Dal primo giorno, da quando venne ritrovato il corpo del fratello riverso nella sua auto all’entrata di casa, manda indietro le lacrime e spinge avanti la determinazione, quella di riuscire a garantirgli giustizia. E se Francesco Pagliuso con la sua morte è la rappresentazione plastica dei valori e delle prassi della ‘ndrangheta più bruta e arcaica, il tessuto sociale o, semplicemente, umano, anziché ribellarsi, si sfoga la sorella, avrebbe preferito la strada del silenzio.
Le sue parole sono come pietre, ma anche come monito a chi pensa che far finta di nulla o girarsi dall’altro lato possa servire a cancellare quel cancro che divora la nostra terra. «Mi amareggia tanto dopo cinque anni essere considerata “un diversamente umano”. Io sono, invece, un essere umano sano e ogni essere umano sano non può accettare che qualcuno gli imponga il silenzio. Davanti a cattiverie di questo tipo bisogna alzare la testa, bisogna andare avanti, bisogna combattere e lo dice chi la guerra l'ha persa».
«Io ho perso la guerra certamente – aggiunge - perché ho perso la persona a me cara nella vita, ho perso mio fratello. Per quante battaglie io potrò combattere purtroppo non tornerà, ma comunque le battaglie vanno combattute e la verità va sempre cercata. Io non ho mai avuto paura della verità sulla storia di mio fratello e, quindi, ho combattuto e continuerò a combattere fino a che avrò la forza per farlo. Soltanto chi ha paura della verità non combatte, abbassa la testa, fa finta di nulla, evita di salutarti, abbassa la testa o ti sorride nascondendosi nella speranza che qualcun altro non l'abbia visto».
«Spero – ammette Antonella Pagliuso - che tutto questo nel tempo cambi, io ho combattuto da sola ma mi auguro che le battaglie come la mia servano da esempio affinché gli altri riescano a sorridere a persone diversamente umane come noi».

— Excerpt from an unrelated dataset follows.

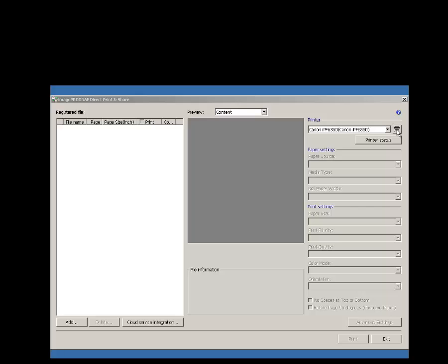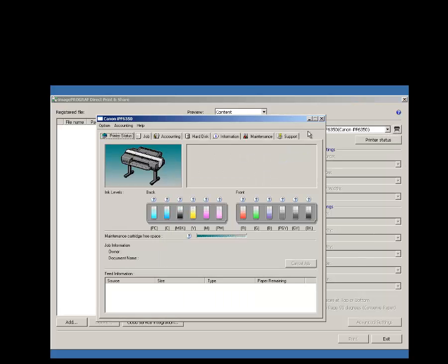First, select a printer. Here we've selected the 6350.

Per l'accusa formulata dalla Dda sia Pino che Luciano Scalise, "quali capi dell'omonima cosca ed in qualità di mandanti” avrebbero commissionato l’omicidio di Francesco Pagliuso a Marco Gallo perché lo ritenevano responsabile di aver agevolato e favorito il capo della cosca rivale Domenico Mezzatesta, sia nel processo che nella latitanza. Gli Scalise sono stati condannati all’ergastolo, mentre per Marco Gallo il processo è in corso. Così come sarà sempre in corso per Antonella la ricerca di qualcosa che possa lenire il dolore e giustificare quanto accaduto.